Social media creates an opportunity for people to share way to much information about their activities and their families names and locations. People are to....to realize that they are causing many of these opportunities by sharing their stories and activities on social media platforms that are not anonymous. Her grandson had posted about going to see grandma and what his itinerary was, clever aye?
Yep! The same thing happened to my uncle. His email was hacked and a man claiming to be one of my uncle’s contacts was asking him for money. My uncle didn’t give it to him.
It’s weird. I had my email hacked once too. The person who contacted me claimed to be my daughter.
I got a few e-mail solicitations from a cleaning place after I had searched for heavy duty cleaning companies (one of the reasons I don't use Google for personal searches.) It really irked me so I wrote back telling them not only to stop harassing me, but that since they contacted me w/o my consent, I would boycott them forever, and I would share their approach with others so they could boycott them as well.
I remember the power of boycotts, all the way back to the grape boycotts of the late 1960s into the early 1970s. Privacy invaders are after data and sales, so I try to cut into the latter and foil their efforts.
Another thing that irks me is that the alleged familial information is soooo wrong. The idiots who gather and compile the information have increased our family by people I never heard of, they've extended the lives of grandparents who have been deceased for 25 years (how could anyone believe that someone almost 130 years old is still living??).
I recently enjoyed the opportunity to put one of the flippers' advance scouts "off her game". I blocked my number, called back and she answered, responding to my questions on why she called as that she was looking for a house, and was getting names and addresses from Lexis-Nexis. She claimed she wasn't working for flippers (yeah, sure).
What she didn't realize is that Lexis (originally a legal database) is also a database of homes, like county registers, but it's not a for sale site.
If you learn anything on opting out of sites that you've never visited otherwise, please let me know. I think we would really have to opt-out of everything, including our e-mail providers.
What I'd like to see is a class action suit against all the sites that are collecting and compiling data, including erroneous data.

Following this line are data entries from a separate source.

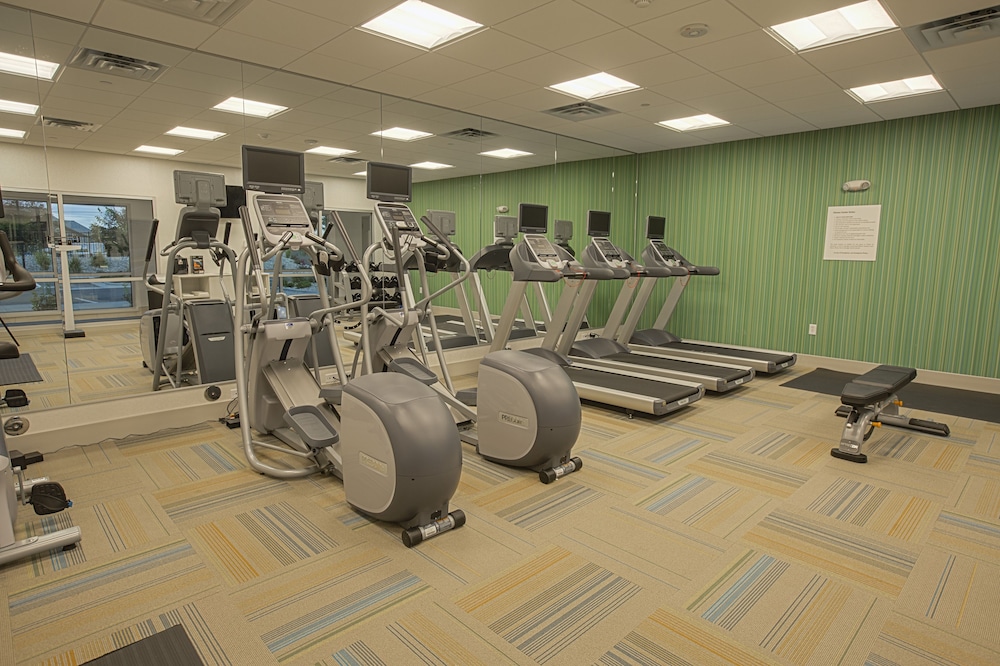 holiday inn express and suites boise airport by ihg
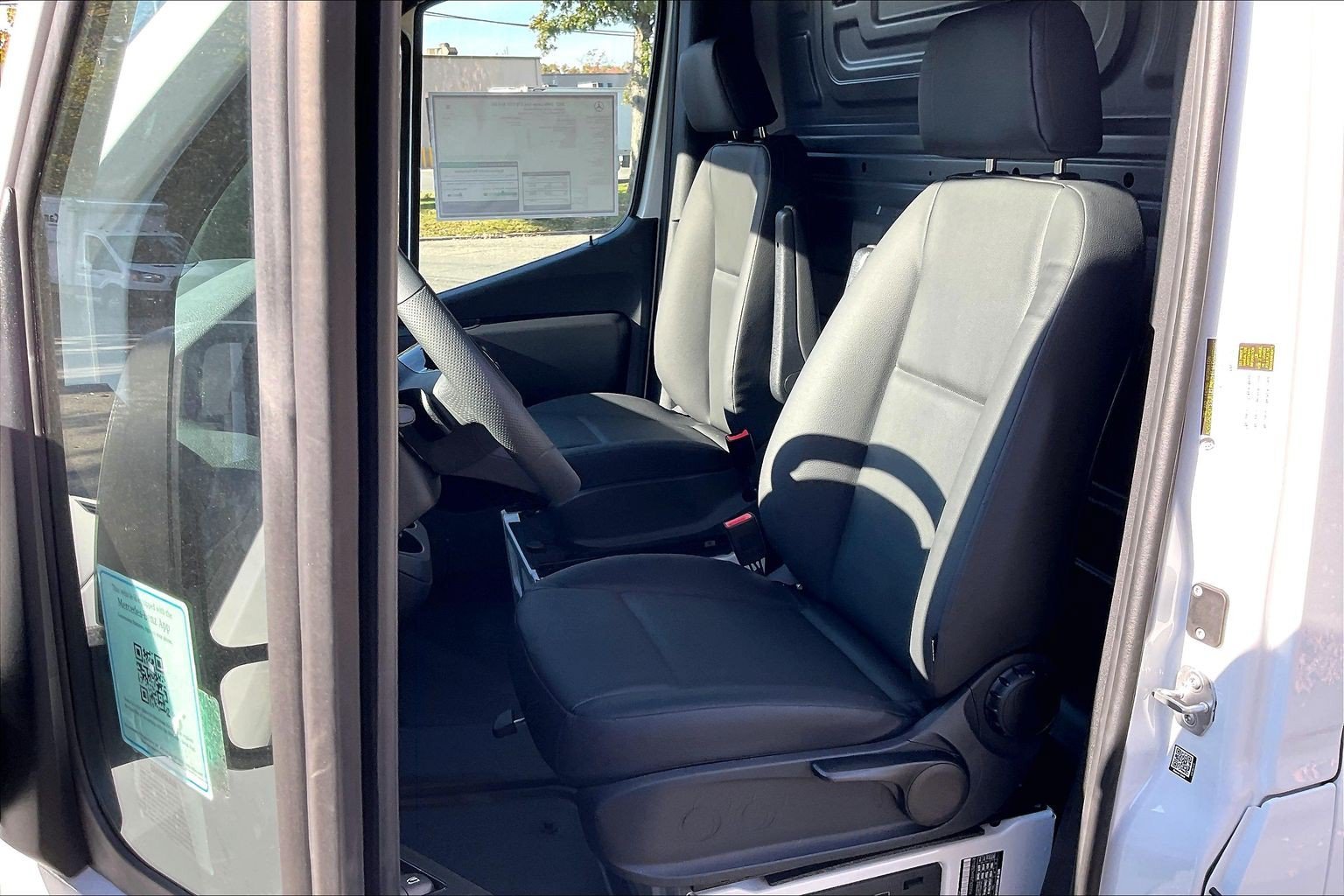 New 2027 Arctic White Mercedes-Benz Cargo 170 WB image 22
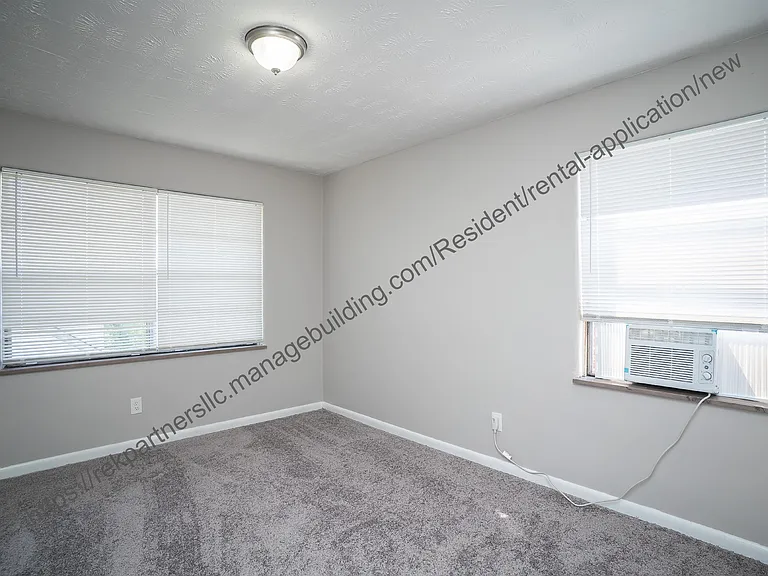 2525 Lakeview Ave — Photo 6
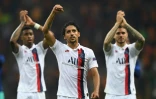 Le défenseur du PSG Marquinhos (c) et ses coéquipiers en liesse après leur victoire face à Galatasaray en C1, le 1er octobre 2019 à Istanbul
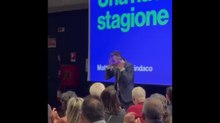 Prato, il «Ritorno al Futuro» di Matteo Biffoni: la sala è troppo piena e lui corre a salutare chi è rimasto fuori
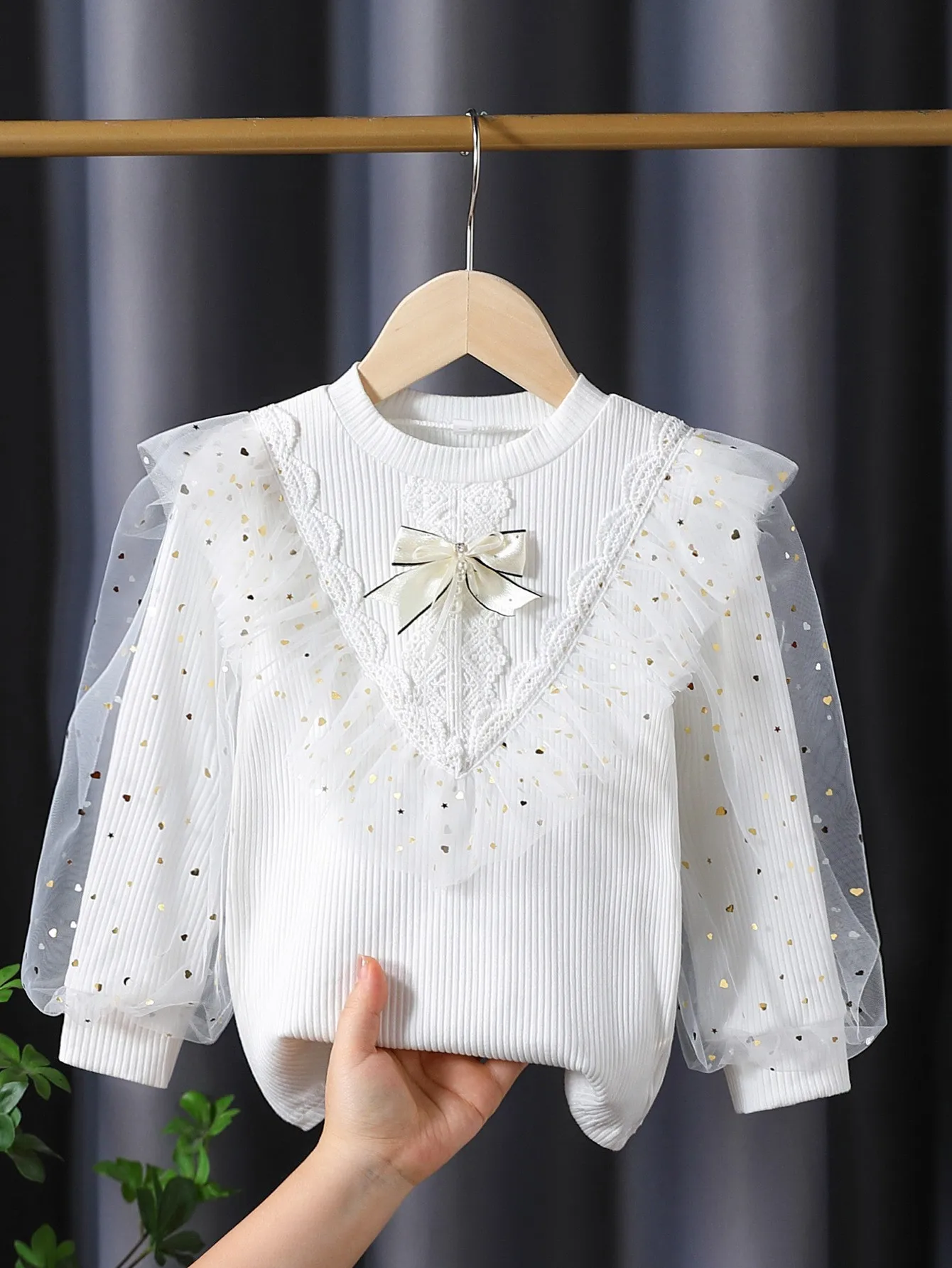 

Girls sweet bubble sleeve T-shirt Fashion Lace netting Base layer for girls spring and autumn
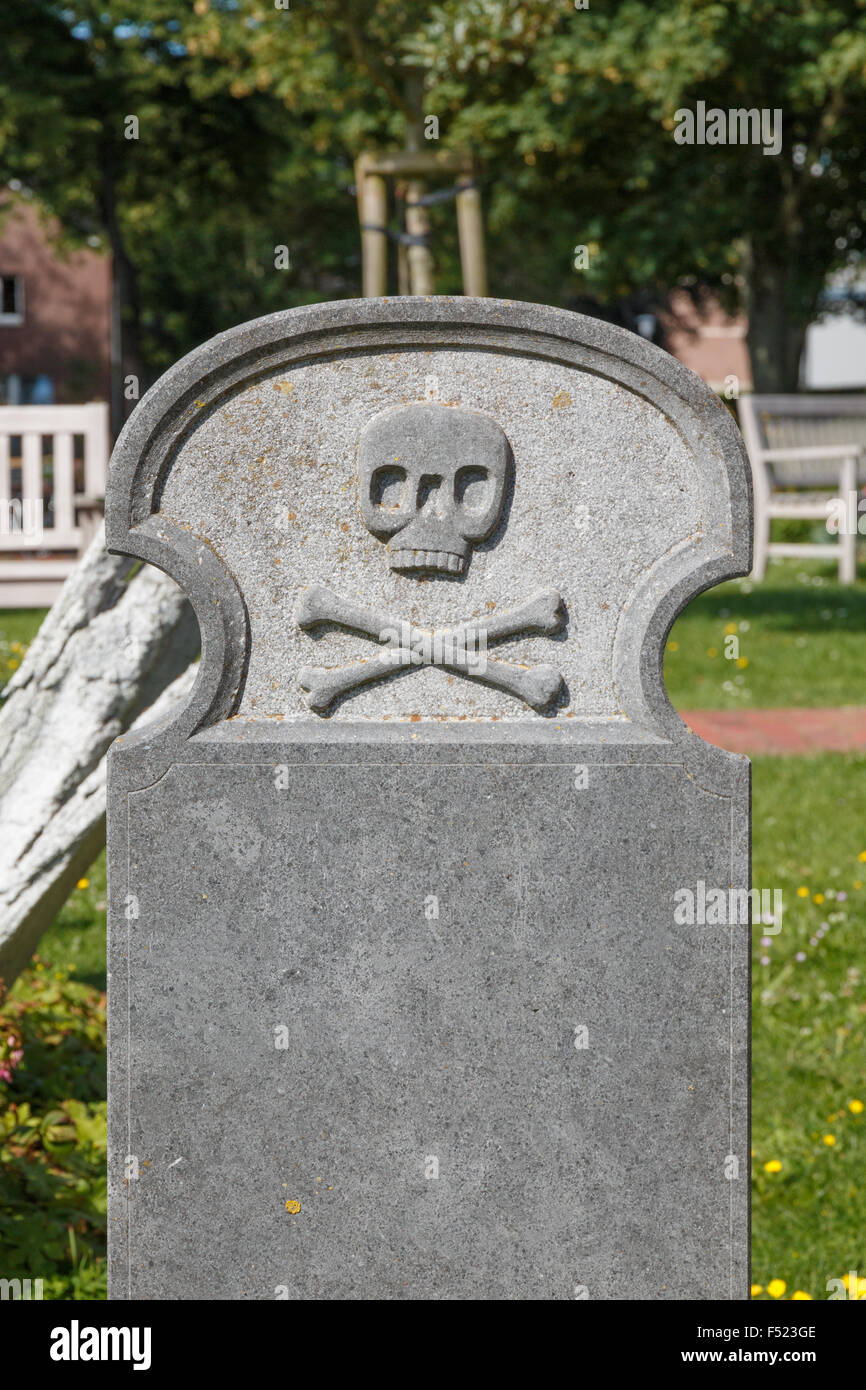 Headstone skull crossbones hires stock photography and images Alamy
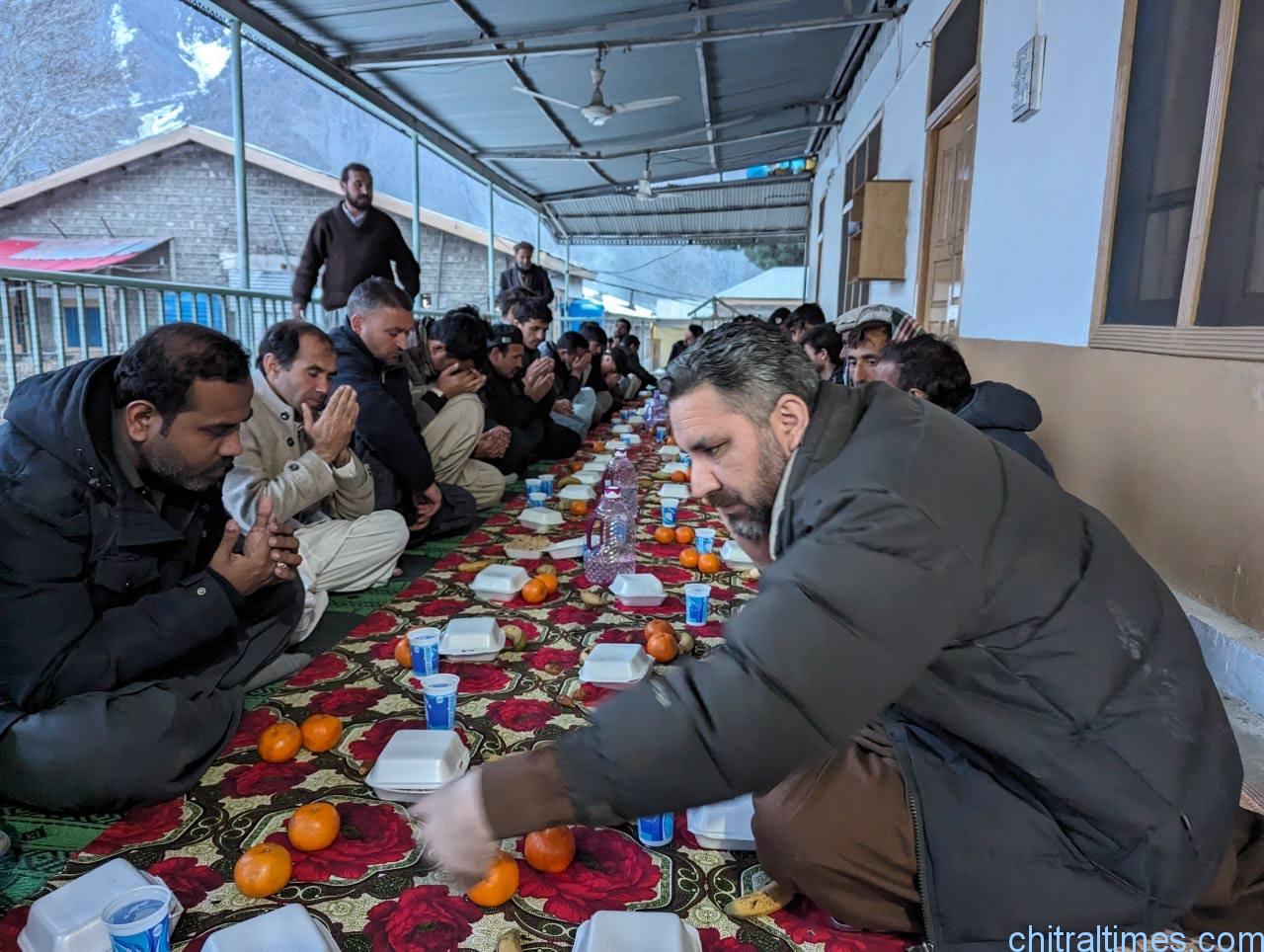 وزیر اعلی خیبر پختونخوا کے احکامات پر ضلعی انتظامیہ لوئر چترال کیطرف سے مسافر اور ڈی ایچ کیو ہسپتال کے مریضوں, تیمارداروں کیلئے افطار دسترخوان کا اہتمام، ڈپٹی کمشنر کا کاروباری مراکز کا دورہ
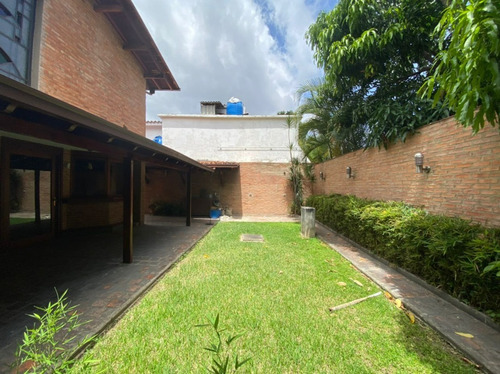 Imagen 2 de 12 de Se Vende/alquila Casa 600m² 5h+s6b+s6p En La Floresta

But off hand, other than breach of privacy, I can't really think of grounds that would sustain a class action suit.
I have had an unlisted telephone number for 40 years but there it is clear as day on numerous websites along with names of people who did NOT live with me, or are even related :P And my current and past addresses.
I need to go through those websites and see if I can opt out that information as it is no one's business.
What concerns me is that Spouse is gullible to believe so much of what enters the home, be it door to door sellers, emails wanting contributions and phone scams like this one. :( I am glad I took the call rather than him. :)
I think this is a version of the "grandchild" calling home for money. The perpetrator pretends to be someone else, relates a fictitious predicament and need for money, then hits on the individual he/she has called to wire transfer or by other method send money to this allegedly suffering relative.
I think the perpetrators gamble on the fact that older people may not hear as well and be unable to discern that the caller isn't a relative.
I'm guessing also that if you have caller ID or a phone number showing on your phone, that it was blocked by this alleged accident victim.